Look below for the line containing "Colorful hot air"; from there through the line containing "Sotilaat muodossa lumisessa", both lines included, please set down each line exactly and nothing else.

[Opening Records provided section]

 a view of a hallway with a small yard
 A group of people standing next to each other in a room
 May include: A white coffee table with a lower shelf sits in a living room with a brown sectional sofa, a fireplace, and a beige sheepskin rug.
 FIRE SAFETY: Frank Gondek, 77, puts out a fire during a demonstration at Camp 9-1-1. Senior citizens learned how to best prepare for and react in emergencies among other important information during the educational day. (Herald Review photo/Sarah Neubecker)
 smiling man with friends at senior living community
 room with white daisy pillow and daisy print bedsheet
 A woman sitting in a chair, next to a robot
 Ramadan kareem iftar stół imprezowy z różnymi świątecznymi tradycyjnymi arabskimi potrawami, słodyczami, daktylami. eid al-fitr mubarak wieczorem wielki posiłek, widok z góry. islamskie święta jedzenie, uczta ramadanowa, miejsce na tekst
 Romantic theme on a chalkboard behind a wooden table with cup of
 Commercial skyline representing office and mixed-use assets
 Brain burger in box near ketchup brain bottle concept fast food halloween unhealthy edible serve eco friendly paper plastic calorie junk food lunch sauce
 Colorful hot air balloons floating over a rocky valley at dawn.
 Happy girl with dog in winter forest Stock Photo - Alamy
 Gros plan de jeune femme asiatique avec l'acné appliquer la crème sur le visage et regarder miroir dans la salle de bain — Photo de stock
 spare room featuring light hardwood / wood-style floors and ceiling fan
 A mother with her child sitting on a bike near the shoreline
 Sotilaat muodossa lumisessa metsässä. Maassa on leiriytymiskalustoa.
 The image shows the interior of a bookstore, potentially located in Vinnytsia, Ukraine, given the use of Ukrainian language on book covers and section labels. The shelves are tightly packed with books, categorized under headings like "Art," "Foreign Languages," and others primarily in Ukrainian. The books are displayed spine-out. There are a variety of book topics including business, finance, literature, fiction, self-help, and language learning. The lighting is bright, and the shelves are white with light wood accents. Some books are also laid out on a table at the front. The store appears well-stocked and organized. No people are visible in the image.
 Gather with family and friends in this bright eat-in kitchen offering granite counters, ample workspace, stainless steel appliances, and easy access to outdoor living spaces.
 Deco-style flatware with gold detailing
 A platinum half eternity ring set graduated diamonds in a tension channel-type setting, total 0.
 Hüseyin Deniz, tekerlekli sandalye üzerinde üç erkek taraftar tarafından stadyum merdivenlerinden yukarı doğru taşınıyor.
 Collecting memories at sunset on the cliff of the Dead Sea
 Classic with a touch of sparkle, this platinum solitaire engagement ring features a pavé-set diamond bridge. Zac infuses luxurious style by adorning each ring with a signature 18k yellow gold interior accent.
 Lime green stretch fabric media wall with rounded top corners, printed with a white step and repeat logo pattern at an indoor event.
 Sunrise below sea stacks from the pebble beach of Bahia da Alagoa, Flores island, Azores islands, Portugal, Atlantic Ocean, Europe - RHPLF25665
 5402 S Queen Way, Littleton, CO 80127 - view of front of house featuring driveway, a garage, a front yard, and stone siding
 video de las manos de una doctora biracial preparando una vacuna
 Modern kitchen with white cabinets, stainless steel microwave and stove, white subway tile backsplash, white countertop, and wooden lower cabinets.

[Closing Records provided section]

▶ [Response area]
 Colorful hot air balloons floating over a rocky valley at dawn.
 Happy girl with dog in winter forest Stock Photo - Alamy
 Gros plan de jeune femme asiatique avec l'acné appliquer la crème sur le visage et regarder miroir dans la salle de bain — Photo de stock
 spare room featuring light hardwood / wood-style floors and ceiling fan
 A mother with her child sitting on a bike near the shoreline
 Sotilaat muodossa lumisessa metsässä. Maassa on leiriytymiskalustoa.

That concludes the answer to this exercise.